Exercise prompt: An exact reproduction of the data below is expected, free of images.

Data for the task:
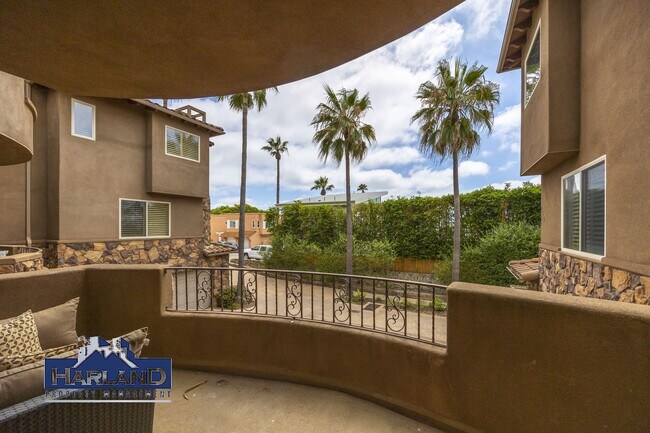 Building Photo - 760 Bonair Pl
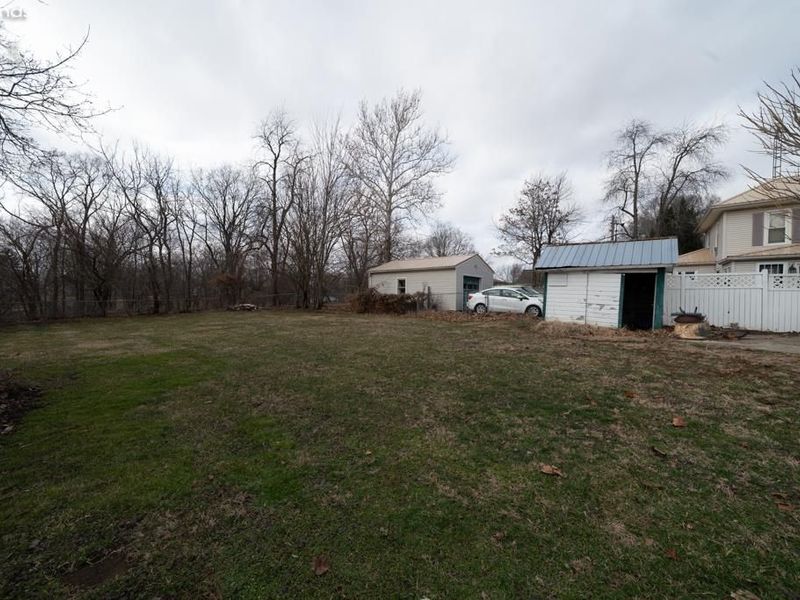 129 S Mulberry, Clyde, OH 43410 Photo 17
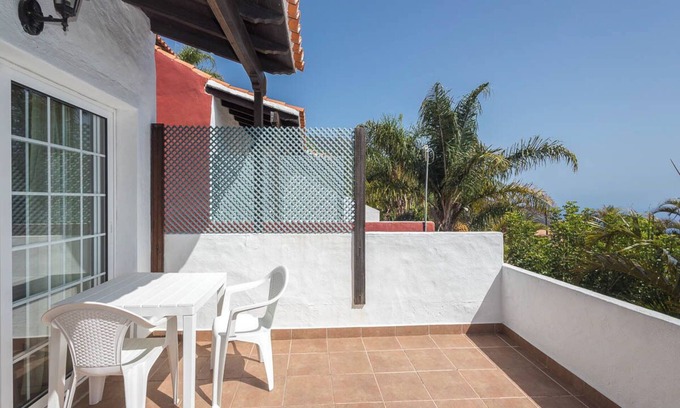 Los Quemados Apartamento | Lightbooking Colon I Fuencaliente vistas al mar 4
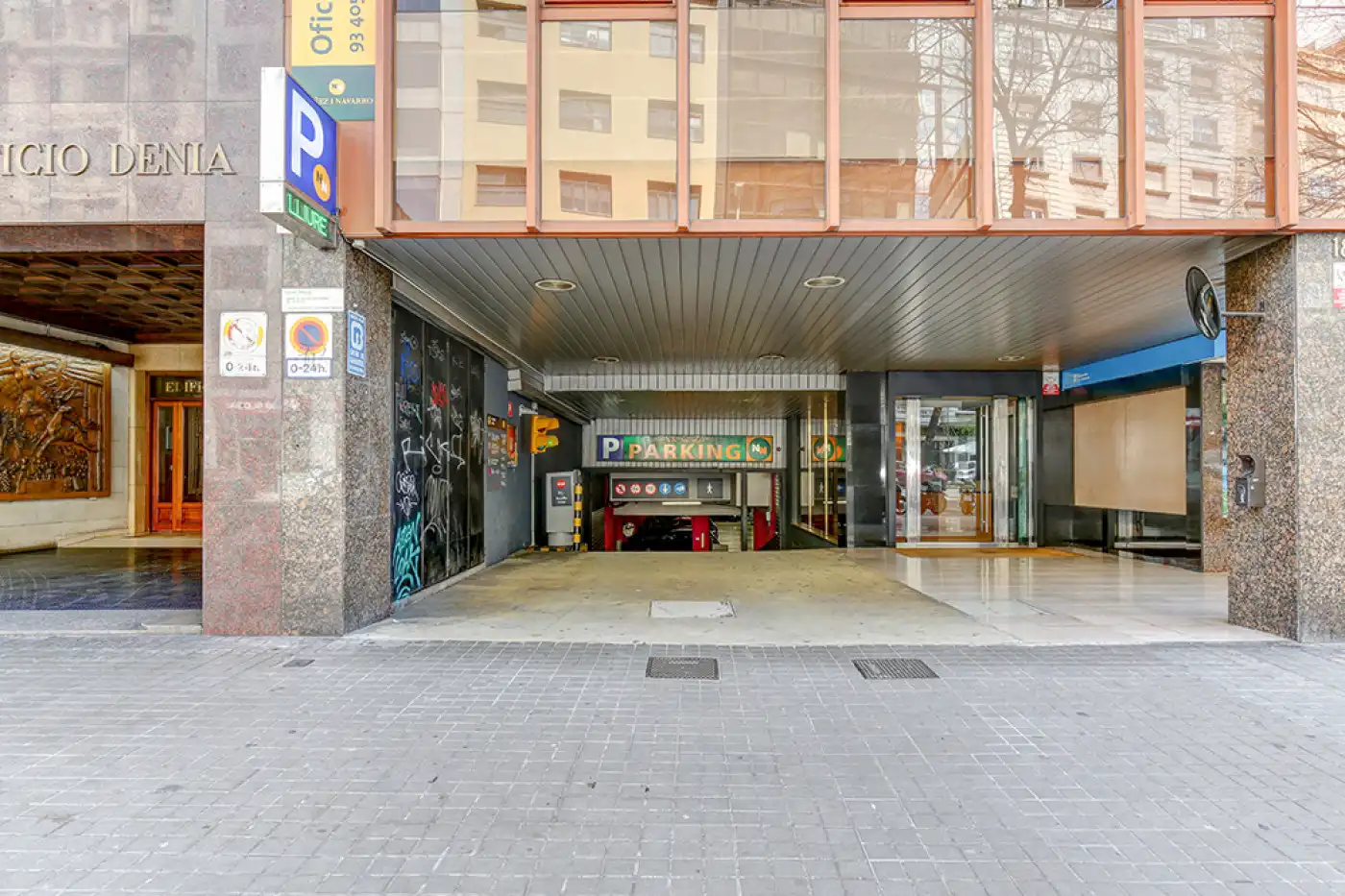 Motorbike to rent in CALLE ARAGÓ 182, imagen 6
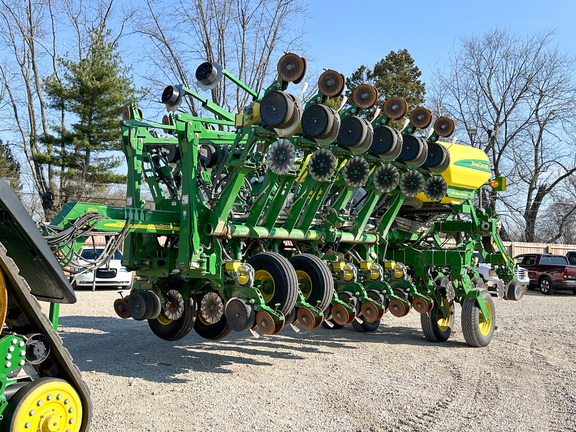 2008 John Deere 1790 Planter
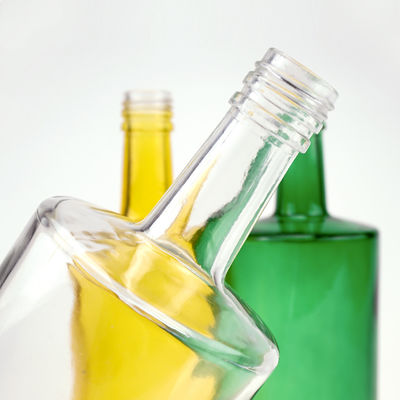 Bouteille en verre à épaule plate Super Flint pour les liqueurs et boissons personnalisées 500 ml 750 ml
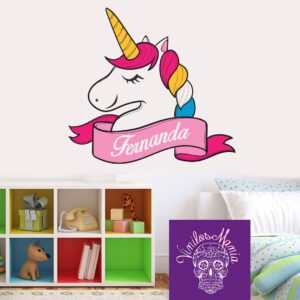 Unicornio de colores y nombre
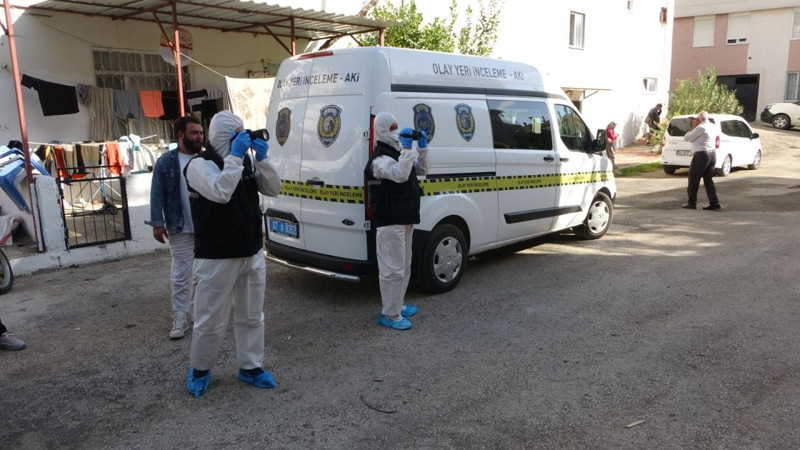 Antalya'da feci olay! Mahalleyi sokağa döken koku korkunç gerçeği ortaya çıkardı! - Resim: 4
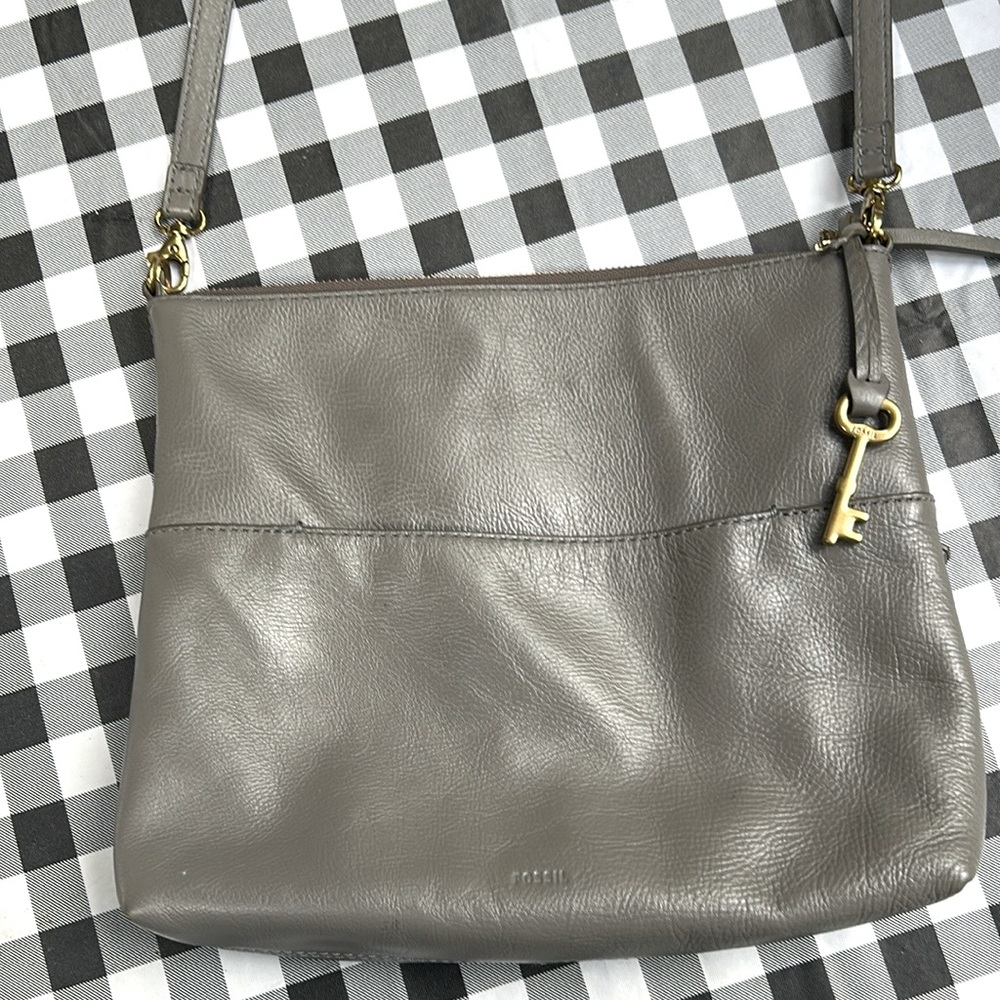 Fossil gray leather crossbody excellent condition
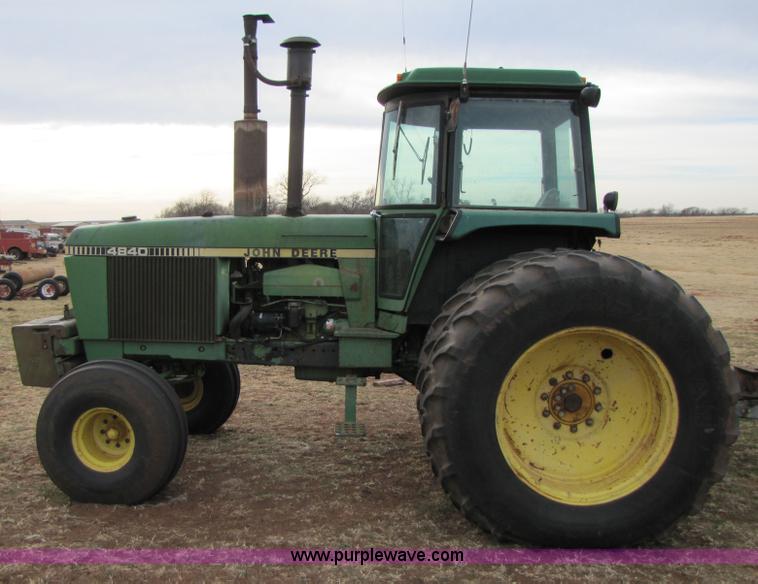 image for item 3509 1980 John Deere 4840 tractor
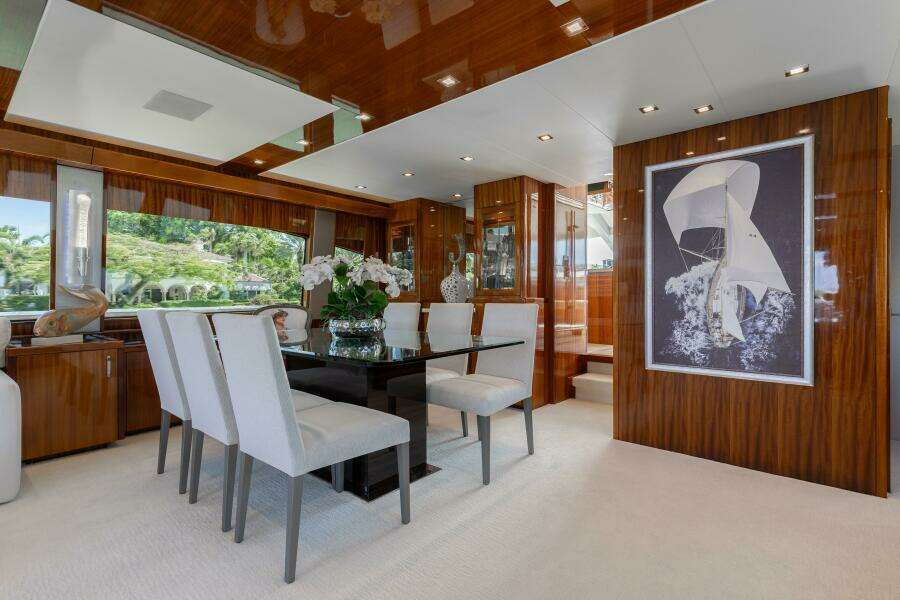 80ft Hatteras Yacht For Sale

Solution:
 Building Photo - 760 Bonair Pl
 129 S Mulberry, Clyde, OH 43410 Photo 17
 Los Quemados Apartamento | Lightbooking Colon I Fuencaliente vistas al mar 4
 Motorbike to rent in CALLE ARAGÓ 182, imagen 6
 2008 John Deere 1790 Planter
 Bouteille en verre à épaule plate Super Flint pour les liqueurs et boissons personnalisées 500 ml 750 ml
 Unicornio de colores y nombre
 Antalya'da feci olay! Mahalleyi sokağa döken koku korkunç gerçeği ortaya çıkardı! - Resim: 4
 Fossil gray leather crossbody excellent condition
 image for item 3509 1980 John Deere 4840 tractor
 80ft Hatteras Yacht For Sale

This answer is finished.